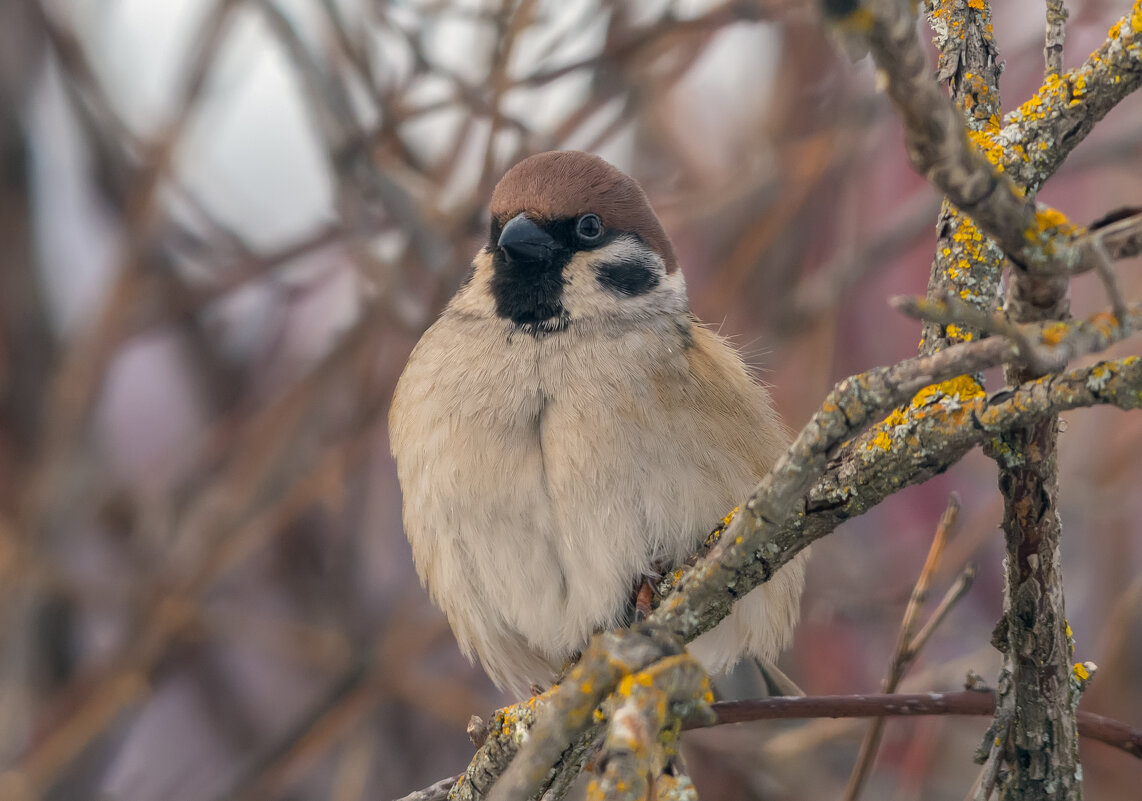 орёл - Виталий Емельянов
* * *
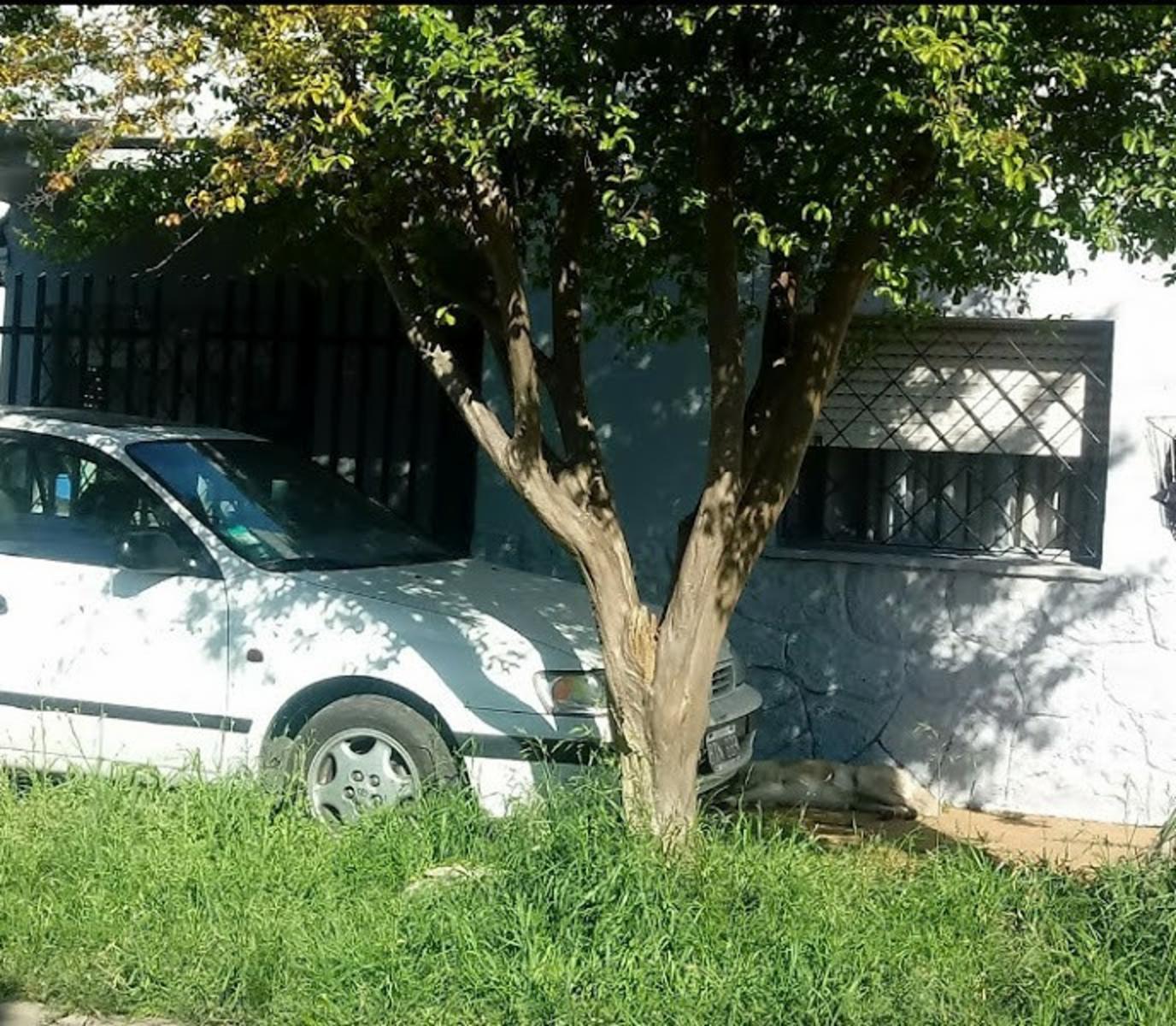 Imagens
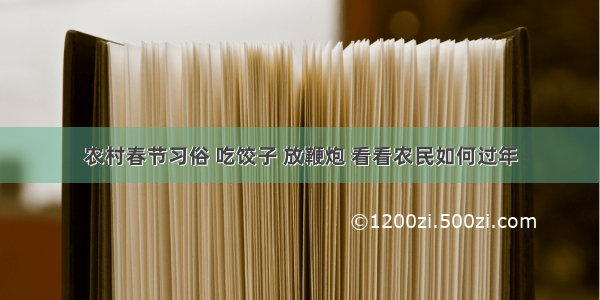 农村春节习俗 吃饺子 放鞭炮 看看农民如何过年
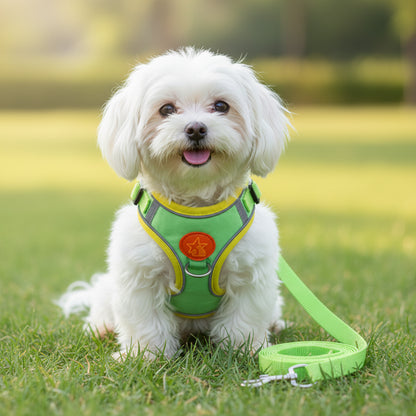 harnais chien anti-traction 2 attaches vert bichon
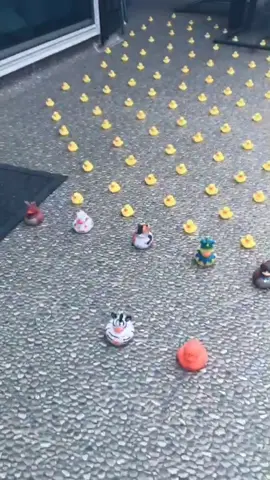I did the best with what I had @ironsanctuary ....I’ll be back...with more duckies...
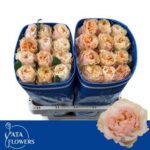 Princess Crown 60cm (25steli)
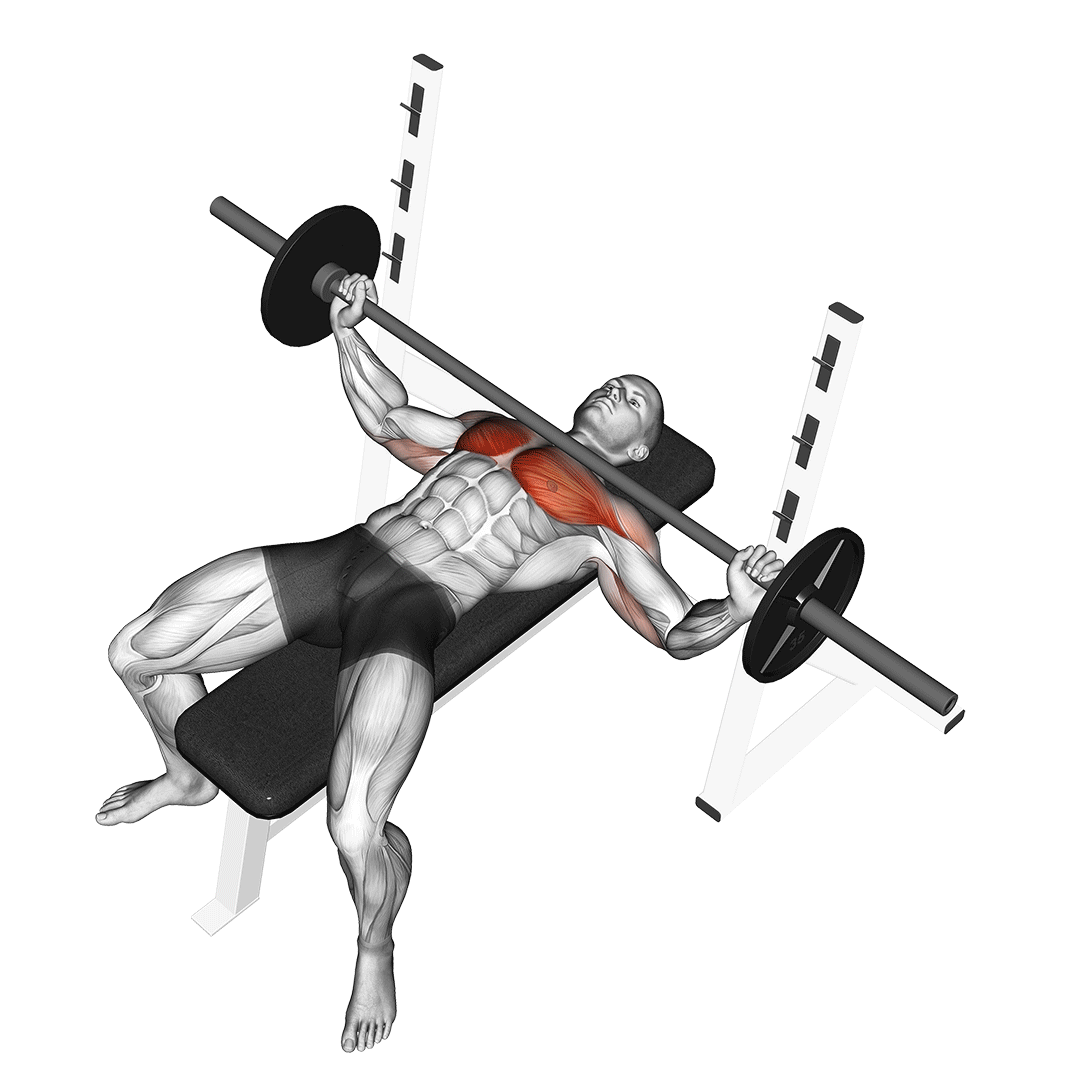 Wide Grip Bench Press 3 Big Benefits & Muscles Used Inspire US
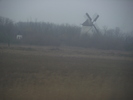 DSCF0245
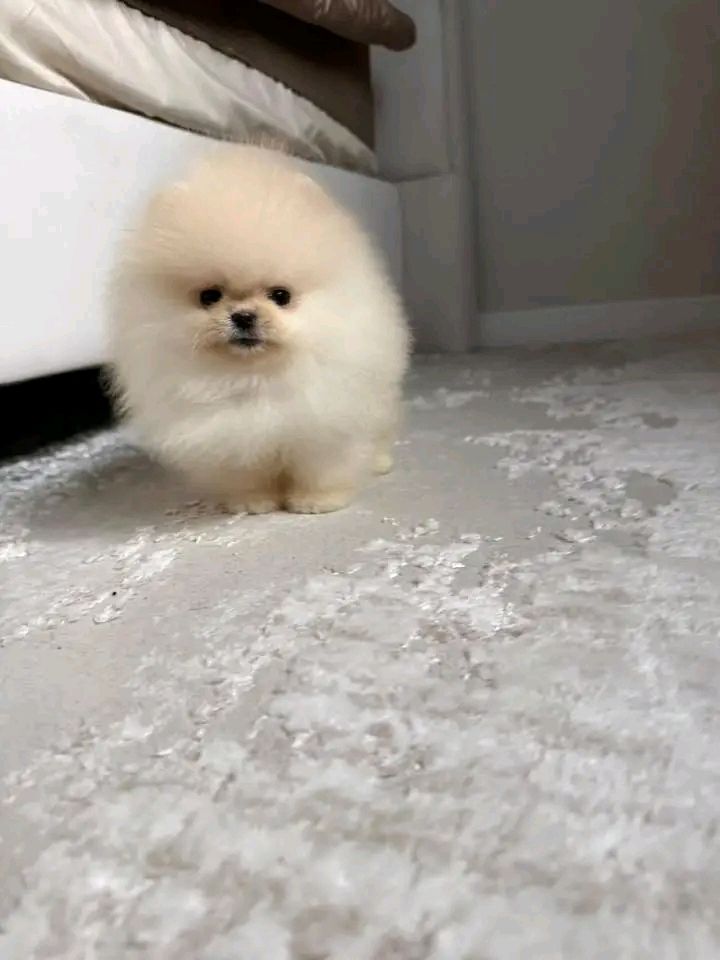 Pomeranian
...
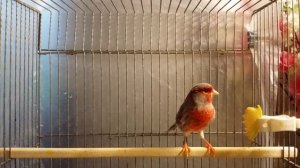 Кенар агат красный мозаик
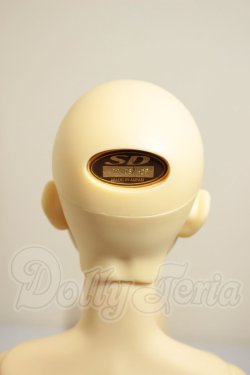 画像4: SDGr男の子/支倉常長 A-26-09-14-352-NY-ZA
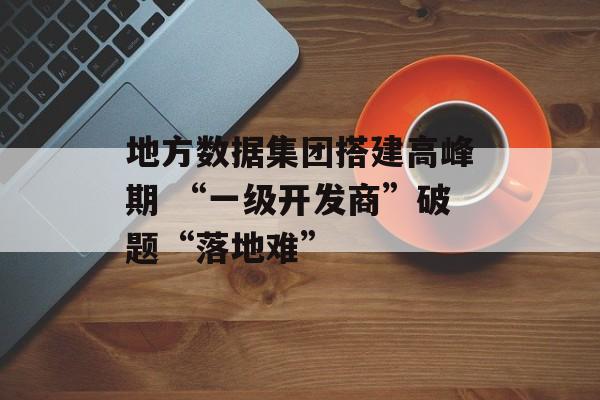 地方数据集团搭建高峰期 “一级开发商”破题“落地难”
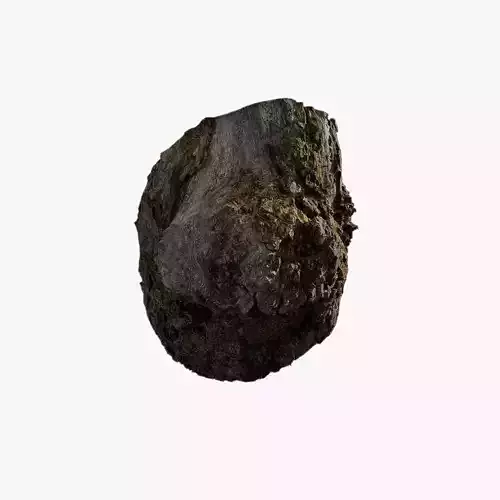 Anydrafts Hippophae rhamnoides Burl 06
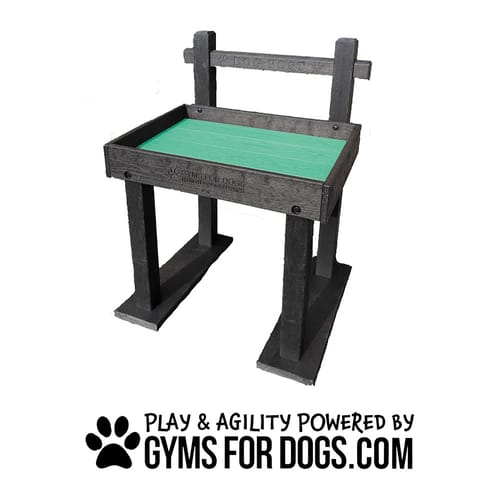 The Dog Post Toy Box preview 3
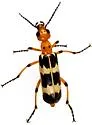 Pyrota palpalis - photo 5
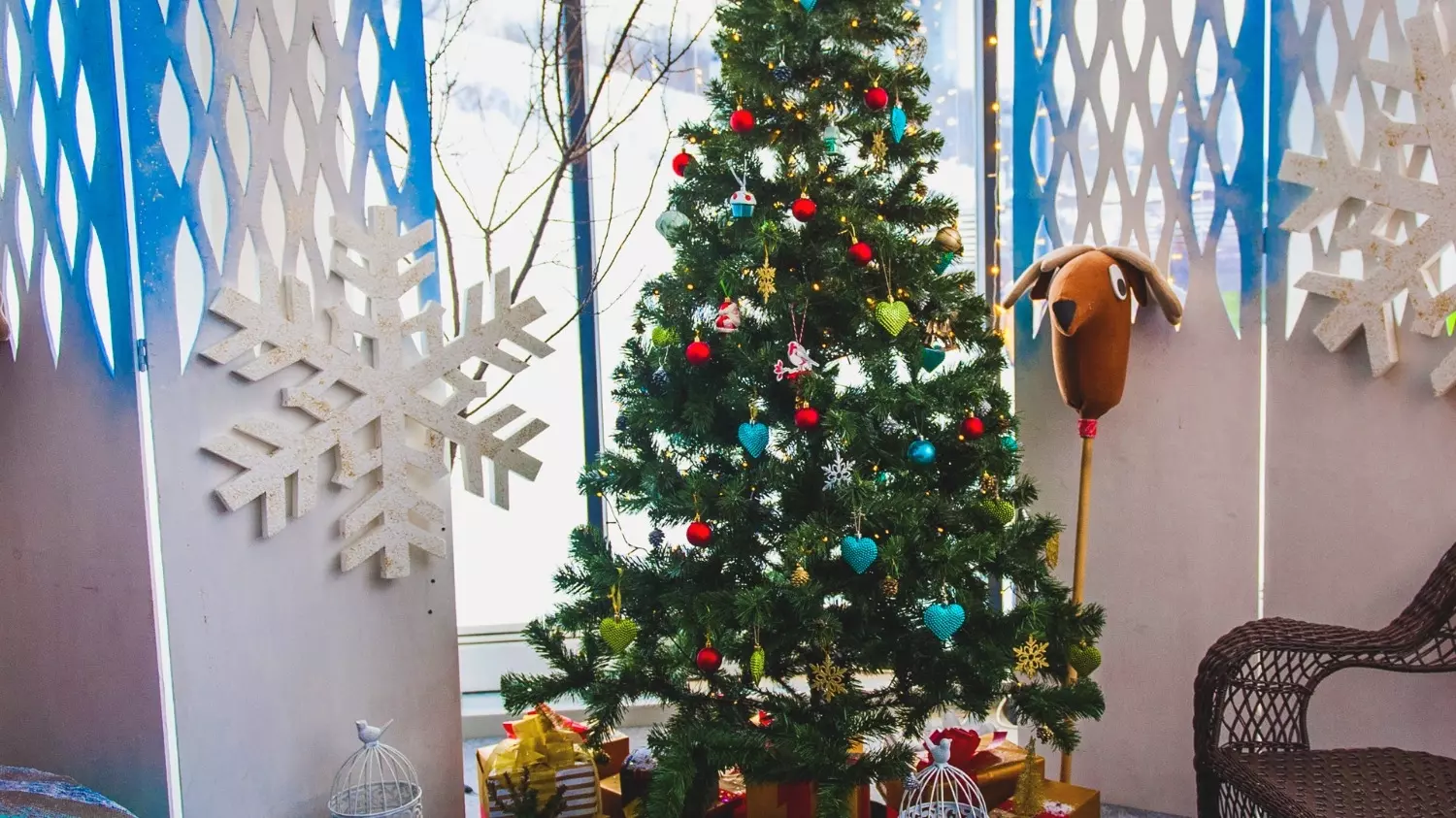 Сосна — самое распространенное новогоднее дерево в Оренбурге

[What the task asks]: When copying from the data above, begin at the line containing "Кенар агат красный мозаик" and end at the line containing "Сосна — самое распространенное"; return those lines exactly and leave all pictures behind.

[Reply to the exercise]:
 Кенар агат красный мозаик
 画像4: SDGr男の子/支倉常長 A-26-09-14-352-NY-ZA
 地方数据集团搭建高峰期 “一级开发商”破题“落地难”
 Anydrafts Hippophae rhamnoides Burl 06
 The Dog Post Toy Box preview 3
 Pyrota palpalis - photo 5
 Сосна — самое распространенное новогоднее дерево в Оренбурге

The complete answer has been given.